* Task to complete *
The listing below holds a line with "Tewkesbury Street, Cathays, Cardiff" and a line with "Foto del edificio - 229 Bacon Pond Rd". Reproduce those two lines exactly, plus everything between them.

◇ ◇ ◇ ◇ ◇

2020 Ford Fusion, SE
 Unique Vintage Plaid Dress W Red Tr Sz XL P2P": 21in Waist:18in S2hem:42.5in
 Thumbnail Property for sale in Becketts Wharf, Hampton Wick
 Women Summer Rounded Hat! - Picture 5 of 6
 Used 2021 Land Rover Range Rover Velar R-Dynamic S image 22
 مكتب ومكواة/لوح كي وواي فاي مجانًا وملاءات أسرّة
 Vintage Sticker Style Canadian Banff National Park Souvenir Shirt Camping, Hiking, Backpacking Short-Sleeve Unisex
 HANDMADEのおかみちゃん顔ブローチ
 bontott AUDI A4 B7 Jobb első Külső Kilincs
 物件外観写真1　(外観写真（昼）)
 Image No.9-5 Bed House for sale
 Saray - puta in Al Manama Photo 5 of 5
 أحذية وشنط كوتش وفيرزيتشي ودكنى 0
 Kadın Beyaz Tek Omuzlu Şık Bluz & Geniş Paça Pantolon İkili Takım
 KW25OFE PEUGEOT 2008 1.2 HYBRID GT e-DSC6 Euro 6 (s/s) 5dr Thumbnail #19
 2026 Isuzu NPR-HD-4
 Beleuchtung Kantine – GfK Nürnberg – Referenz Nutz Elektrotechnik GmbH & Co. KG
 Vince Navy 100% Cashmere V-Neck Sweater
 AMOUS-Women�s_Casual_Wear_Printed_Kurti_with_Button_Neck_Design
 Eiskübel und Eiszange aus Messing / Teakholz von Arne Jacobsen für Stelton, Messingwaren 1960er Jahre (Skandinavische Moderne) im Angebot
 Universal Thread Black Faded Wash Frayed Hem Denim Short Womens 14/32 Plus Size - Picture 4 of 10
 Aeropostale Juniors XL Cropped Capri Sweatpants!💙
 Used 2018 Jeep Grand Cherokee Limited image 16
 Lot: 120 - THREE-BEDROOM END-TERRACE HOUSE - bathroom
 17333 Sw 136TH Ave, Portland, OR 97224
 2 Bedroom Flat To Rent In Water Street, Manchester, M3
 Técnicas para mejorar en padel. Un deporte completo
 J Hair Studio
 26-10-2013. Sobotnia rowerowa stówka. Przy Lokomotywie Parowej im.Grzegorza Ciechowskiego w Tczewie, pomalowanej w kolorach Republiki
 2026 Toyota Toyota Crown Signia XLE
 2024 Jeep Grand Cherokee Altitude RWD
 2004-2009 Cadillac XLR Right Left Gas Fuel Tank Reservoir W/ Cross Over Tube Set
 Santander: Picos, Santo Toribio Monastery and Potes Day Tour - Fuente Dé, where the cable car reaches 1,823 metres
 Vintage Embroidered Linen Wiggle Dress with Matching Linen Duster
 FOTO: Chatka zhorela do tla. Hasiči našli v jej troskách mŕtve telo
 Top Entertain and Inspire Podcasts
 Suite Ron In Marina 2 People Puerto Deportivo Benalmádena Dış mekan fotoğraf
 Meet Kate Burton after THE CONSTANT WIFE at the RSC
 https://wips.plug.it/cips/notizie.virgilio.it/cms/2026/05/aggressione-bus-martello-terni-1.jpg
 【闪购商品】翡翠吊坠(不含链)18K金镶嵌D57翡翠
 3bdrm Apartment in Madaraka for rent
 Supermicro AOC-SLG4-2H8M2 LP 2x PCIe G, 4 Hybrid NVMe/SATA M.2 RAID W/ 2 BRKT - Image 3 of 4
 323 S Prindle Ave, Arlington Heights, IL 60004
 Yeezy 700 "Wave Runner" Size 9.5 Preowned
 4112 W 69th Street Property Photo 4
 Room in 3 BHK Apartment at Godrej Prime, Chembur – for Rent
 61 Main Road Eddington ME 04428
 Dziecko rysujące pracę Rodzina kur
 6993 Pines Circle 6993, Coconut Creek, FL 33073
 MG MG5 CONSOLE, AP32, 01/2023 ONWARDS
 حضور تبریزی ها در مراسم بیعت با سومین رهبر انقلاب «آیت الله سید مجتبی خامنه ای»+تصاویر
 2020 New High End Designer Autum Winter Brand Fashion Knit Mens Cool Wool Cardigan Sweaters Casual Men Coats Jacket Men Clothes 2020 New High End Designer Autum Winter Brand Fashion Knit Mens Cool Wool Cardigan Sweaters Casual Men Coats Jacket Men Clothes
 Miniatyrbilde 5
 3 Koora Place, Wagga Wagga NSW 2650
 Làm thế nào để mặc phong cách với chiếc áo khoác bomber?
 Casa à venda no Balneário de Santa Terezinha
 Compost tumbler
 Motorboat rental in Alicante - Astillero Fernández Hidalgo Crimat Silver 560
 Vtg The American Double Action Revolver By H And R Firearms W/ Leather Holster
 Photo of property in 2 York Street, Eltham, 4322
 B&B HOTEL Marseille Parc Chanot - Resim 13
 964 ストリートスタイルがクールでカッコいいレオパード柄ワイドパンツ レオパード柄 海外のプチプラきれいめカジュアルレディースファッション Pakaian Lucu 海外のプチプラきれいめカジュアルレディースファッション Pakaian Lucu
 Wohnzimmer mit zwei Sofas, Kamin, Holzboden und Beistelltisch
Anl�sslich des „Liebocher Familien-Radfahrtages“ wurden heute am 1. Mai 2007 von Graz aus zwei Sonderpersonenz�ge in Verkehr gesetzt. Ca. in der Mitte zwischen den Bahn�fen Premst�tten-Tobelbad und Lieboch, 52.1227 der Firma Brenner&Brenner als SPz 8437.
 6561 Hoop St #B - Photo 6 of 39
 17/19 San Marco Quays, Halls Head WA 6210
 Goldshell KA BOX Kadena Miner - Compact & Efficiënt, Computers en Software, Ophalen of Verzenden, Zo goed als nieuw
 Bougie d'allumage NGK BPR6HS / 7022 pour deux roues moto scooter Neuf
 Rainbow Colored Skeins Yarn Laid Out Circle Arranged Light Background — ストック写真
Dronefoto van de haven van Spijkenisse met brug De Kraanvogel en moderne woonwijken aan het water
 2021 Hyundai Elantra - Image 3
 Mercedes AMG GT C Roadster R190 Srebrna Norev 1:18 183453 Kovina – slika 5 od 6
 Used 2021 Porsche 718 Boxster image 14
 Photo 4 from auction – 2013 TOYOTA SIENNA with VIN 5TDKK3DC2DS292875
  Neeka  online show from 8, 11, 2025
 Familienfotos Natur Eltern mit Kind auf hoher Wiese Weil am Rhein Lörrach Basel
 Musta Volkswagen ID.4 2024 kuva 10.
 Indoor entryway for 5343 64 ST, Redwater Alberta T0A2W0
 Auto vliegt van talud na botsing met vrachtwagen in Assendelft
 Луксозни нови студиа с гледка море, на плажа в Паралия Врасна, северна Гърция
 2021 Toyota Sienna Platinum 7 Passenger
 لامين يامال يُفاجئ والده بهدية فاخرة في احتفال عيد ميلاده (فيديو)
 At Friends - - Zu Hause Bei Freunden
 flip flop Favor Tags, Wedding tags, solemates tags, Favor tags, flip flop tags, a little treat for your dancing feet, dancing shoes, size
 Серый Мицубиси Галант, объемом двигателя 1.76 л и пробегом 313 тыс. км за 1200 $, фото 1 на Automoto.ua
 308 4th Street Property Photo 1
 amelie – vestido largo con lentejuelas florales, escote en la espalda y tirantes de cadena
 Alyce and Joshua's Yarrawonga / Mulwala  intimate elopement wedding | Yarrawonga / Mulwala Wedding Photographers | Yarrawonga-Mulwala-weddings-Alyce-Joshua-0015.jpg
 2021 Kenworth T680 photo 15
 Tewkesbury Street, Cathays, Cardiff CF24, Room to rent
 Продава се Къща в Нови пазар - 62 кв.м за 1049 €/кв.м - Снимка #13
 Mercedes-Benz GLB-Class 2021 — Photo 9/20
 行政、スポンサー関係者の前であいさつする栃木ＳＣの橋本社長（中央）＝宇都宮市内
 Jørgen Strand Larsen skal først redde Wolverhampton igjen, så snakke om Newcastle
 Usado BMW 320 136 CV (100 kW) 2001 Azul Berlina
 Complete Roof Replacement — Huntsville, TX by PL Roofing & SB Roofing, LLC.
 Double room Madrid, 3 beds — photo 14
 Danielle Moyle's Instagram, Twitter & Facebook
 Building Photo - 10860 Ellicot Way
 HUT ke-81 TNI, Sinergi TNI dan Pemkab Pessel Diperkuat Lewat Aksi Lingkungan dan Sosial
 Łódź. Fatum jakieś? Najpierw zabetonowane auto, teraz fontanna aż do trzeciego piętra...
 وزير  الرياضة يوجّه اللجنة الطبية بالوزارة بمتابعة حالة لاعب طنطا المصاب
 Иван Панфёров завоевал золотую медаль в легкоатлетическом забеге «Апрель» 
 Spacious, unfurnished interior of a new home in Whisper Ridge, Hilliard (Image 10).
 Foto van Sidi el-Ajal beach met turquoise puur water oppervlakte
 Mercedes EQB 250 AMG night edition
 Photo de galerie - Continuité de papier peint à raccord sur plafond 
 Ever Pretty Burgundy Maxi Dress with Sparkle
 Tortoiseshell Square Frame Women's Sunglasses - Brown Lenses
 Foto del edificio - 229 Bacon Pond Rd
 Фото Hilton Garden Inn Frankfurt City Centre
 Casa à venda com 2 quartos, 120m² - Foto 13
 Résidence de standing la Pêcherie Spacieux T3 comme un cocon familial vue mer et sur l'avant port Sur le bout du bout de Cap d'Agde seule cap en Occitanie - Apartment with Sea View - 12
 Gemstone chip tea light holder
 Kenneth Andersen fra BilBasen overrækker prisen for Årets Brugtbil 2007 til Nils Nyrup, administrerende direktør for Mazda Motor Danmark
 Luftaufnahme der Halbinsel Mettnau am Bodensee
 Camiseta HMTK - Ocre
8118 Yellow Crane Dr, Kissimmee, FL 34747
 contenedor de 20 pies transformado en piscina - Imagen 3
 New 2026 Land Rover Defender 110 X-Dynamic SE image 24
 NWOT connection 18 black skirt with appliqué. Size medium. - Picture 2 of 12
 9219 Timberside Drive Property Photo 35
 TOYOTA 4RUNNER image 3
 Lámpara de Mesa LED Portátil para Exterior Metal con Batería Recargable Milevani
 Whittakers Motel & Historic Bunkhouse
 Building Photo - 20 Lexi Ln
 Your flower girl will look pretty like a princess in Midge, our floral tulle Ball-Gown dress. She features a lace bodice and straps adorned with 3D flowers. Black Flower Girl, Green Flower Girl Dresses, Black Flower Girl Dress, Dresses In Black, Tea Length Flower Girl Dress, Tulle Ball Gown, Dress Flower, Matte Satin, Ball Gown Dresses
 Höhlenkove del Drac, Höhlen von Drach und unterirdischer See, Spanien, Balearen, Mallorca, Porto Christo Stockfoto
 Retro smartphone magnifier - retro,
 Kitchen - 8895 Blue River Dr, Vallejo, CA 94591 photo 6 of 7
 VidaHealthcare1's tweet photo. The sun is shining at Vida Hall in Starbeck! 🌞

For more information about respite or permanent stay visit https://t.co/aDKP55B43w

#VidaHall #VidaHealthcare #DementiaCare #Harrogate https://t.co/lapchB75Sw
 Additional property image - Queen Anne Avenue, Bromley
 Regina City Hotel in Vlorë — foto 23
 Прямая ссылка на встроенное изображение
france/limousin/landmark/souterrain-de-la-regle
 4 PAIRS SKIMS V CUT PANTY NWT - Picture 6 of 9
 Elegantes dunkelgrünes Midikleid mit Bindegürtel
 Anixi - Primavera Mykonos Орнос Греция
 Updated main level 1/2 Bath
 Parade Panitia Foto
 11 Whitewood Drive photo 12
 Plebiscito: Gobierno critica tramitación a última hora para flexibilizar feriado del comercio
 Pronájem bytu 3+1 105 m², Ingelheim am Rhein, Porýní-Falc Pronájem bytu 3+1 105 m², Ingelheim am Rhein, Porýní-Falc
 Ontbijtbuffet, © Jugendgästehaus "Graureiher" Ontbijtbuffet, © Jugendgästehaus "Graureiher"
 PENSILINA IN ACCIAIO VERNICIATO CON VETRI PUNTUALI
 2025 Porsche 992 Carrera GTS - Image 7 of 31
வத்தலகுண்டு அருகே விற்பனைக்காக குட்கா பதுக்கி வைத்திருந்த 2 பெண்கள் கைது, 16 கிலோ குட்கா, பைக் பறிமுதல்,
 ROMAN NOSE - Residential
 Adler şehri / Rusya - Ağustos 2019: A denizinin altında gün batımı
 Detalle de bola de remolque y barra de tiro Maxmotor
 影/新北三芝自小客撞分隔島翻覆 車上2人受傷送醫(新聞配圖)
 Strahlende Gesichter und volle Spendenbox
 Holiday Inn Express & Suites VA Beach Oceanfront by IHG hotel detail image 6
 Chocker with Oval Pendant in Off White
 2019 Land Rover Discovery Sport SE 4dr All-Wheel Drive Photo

◇ ◇ ◇ ◇ ◇

* Result for this exercise *
 Tewkesbury Street, Cathays, Cardiff CF24, Room to rent
 Продава се Къща в Нови пазар - 62 кв.м за 1049 €/кв.м - Снимка #13
 Mercedes-Benz GLB-Class 2021 — Photo 9/20
 行政、スポンサー関係者の前であいさつする栃木ＳＣの橋本社長（中央）＝宇都宮市内
 Jørgen Strand Larsen skal først redde Wolverhampton igjen, så snakke om Newcastle
 Usado BMW 320 136 CV (100 kW) 2001 Azul Berlina
 Complete Roof Replacement — Huntsville, TX by PL Roofing & SB Roofing, LLC.
 Double room Madrid, 3 beds — photo 14
 Danielle Moyle's Instagram, Twitter & Facebook
 Building Photo - 10860 Ellicot Way
 HUT ke-81 TNI, Sinergi TNI dan Pemkab Pessel Diperkuat Lewat Aksi Lingkungan dan Sosial
 Łódź. Fatum jakieś? Najpierw zabetonowane auto, teraz fontanna aż do trzeciego piętra...
 وزير  الرياضة يوجّه اللجنة الطبية بالوزارة بمتابعة حالة لاعب طنطا المصاب
 Иван Панфёров завоевал золотую медаль в легкоатлетическом забеге «Апрель» 
 Spacious, unfurnished interior of a new home in Whisper Ridge, Hilliard (Image 10).
 Foto van Sidi el-Ajal beach met turquoise puur water oppervlakte
 Mercedes EQB 250 AMG night edition
 Photo de galerie - Continuité de papier peint à raccord sur plafond 
 Ever Pretty Burgundy Maxi Dress with Sparkle
 Tortoiseshell Square Frame Women's Sunglasses - Brown Lenses
 Foto del edificio - 229 Bacon Pond Rd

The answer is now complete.